How to complete this task:
Each line of the data below that includes the string "Home" must be copied.

Input data:
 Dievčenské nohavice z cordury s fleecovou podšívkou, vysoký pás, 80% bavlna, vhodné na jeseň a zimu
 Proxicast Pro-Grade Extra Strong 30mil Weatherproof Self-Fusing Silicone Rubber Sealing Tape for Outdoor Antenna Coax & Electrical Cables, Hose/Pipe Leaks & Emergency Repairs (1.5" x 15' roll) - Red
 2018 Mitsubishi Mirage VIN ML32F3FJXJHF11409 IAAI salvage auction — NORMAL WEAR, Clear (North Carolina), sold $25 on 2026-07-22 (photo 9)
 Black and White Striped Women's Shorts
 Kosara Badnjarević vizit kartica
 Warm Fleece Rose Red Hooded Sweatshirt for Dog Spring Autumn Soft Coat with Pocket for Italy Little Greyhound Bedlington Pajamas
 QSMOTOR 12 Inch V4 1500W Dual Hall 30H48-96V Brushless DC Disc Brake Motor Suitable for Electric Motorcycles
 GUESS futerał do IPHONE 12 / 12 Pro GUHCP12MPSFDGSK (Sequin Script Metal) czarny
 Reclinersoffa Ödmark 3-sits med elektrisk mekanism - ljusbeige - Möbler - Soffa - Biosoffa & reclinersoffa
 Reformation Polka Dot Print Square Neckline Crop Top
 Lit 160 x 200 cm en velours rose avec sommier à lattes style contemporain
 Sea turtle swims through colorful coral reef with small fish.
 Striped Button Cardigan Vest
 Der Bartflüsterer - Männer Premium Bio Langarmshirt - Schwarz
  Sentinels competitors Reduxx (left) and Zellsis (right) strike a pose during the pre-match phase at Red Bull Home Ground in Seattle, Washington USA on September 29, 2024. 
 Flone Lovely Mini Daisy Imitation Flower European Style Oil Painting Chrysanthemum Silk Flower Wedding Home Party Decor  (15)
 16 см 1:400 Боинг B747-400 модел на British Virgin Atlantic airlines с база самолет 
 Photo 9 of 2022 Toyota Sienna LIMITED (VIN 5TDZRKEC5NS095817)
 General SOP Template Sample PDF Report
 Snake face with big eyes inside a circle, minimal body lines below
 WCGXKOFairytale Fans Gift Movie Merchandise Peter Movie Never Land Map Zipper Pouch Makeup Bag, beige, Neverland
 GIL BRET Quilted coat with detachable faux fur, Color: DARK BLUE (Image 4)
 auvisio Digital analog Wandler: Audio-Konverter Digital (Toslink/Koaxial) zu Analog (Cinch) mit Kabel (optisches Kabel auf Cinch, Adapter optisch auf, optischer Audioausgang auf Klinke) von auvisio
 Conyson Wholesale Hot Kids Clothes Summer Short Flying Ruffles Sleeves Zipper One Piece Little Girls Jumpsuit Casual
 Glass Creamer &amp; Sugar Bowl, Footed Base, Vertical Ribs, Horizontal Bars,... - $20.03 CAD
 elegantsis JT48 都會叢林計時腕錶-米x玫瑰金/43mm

Result of this exercise:
  Sentinels competitors Reduxx (left) and Zellsis (right) strike a pose during the pre-match phase at Red Bull Home Ground in Seattle, Washington USA on September 29, 2024. 
 Flone Lovely Mini Daisy Imitation Flower European Style Oil Painting Chrysanthemum Silk Flower Wedding Home Party Decor  (15)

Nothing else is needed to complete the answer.